Prosecutors alleged Sales and Batista were offered $25,000 by ranchers to kill the nun. The convicted killers, however, did not receive the maximum sentence allowed by law. The public defender’s office said it would appeal the decision. Three other suspects, accused of being the ones who gave the orders to kill the nun, remain in jail awaiting trial.

(Zenit and CNS)

Ex-Law Officer Sentenced in Cardinal’s Death

GUADALAJARA, Mexico — A court has sentenced a former police commander to 40 years in prison in the 1993 shooting death of Cardinal Juan Jesús Posadas Ocampo at the Guadalajara airport.

The court in Jalisco said Humberto Rodríguez Banuelos was part of a gang of gunmen that shot the cardinal while he was sitting in his car, officials said Dec. 9. Six others also were killed in the attack.

Church figures have long disputed the official version of the slaying, arguing that the cardinal was killed because he knew about relationships between drug dealers and government officials, the Associated Press noted. Last month the Mexican attorney general’s office announced it had reopened investigations into the 1993 slaying.

(Zenit)

Hurricane Victims Still Need Help, Says Bishop

WASHINGTON — Two months after the remnants of Hurricane Stan passed over Central America, Guatemalans are still desperate for emergency housing and have not yet come to grips with concerns about destroyed crops, flooded fields and a broken economy, said a U.S. bishop.

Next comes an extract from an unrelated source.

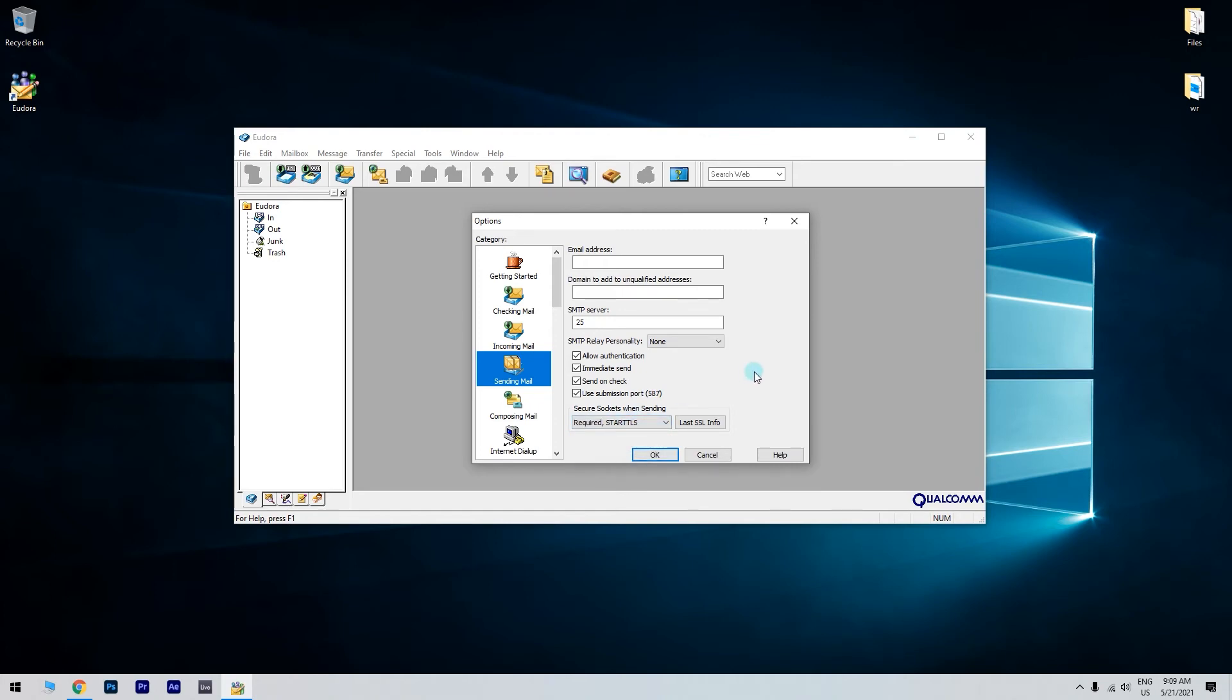If none, follow the next step. Uncheck Use Submission Port 587 and under Secure Sockets when sending, select Never. Then try again to see if the mail client works.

“People are still kind of dazed,” Bishop Nicholas DiMarzio of Brooklyn, N.Y., said Dec. 2. “The worst has not hit them, unfortunately.” The bishop, treasurer of Catholic Relief Services’ board of directors, traveled with Catholic Relief Services officials to Guatemala in late November to show solidarity, “emphasize the traumatic situation there, see for ourselves and bring attention to it,” he said.

Bishop DiMarzio and officials from the U.S. bishops’ international relief and development agency, met with victims from the storm, Catholic Relief Services workers and Bishop Alvaro Ramazzini Imeri of San Marcos, Guatemala. In a telephone interview, Bishop DiMarzio said that the Guatemalan victims need “infrastructure assistance, food assistance and continued emergency housing.”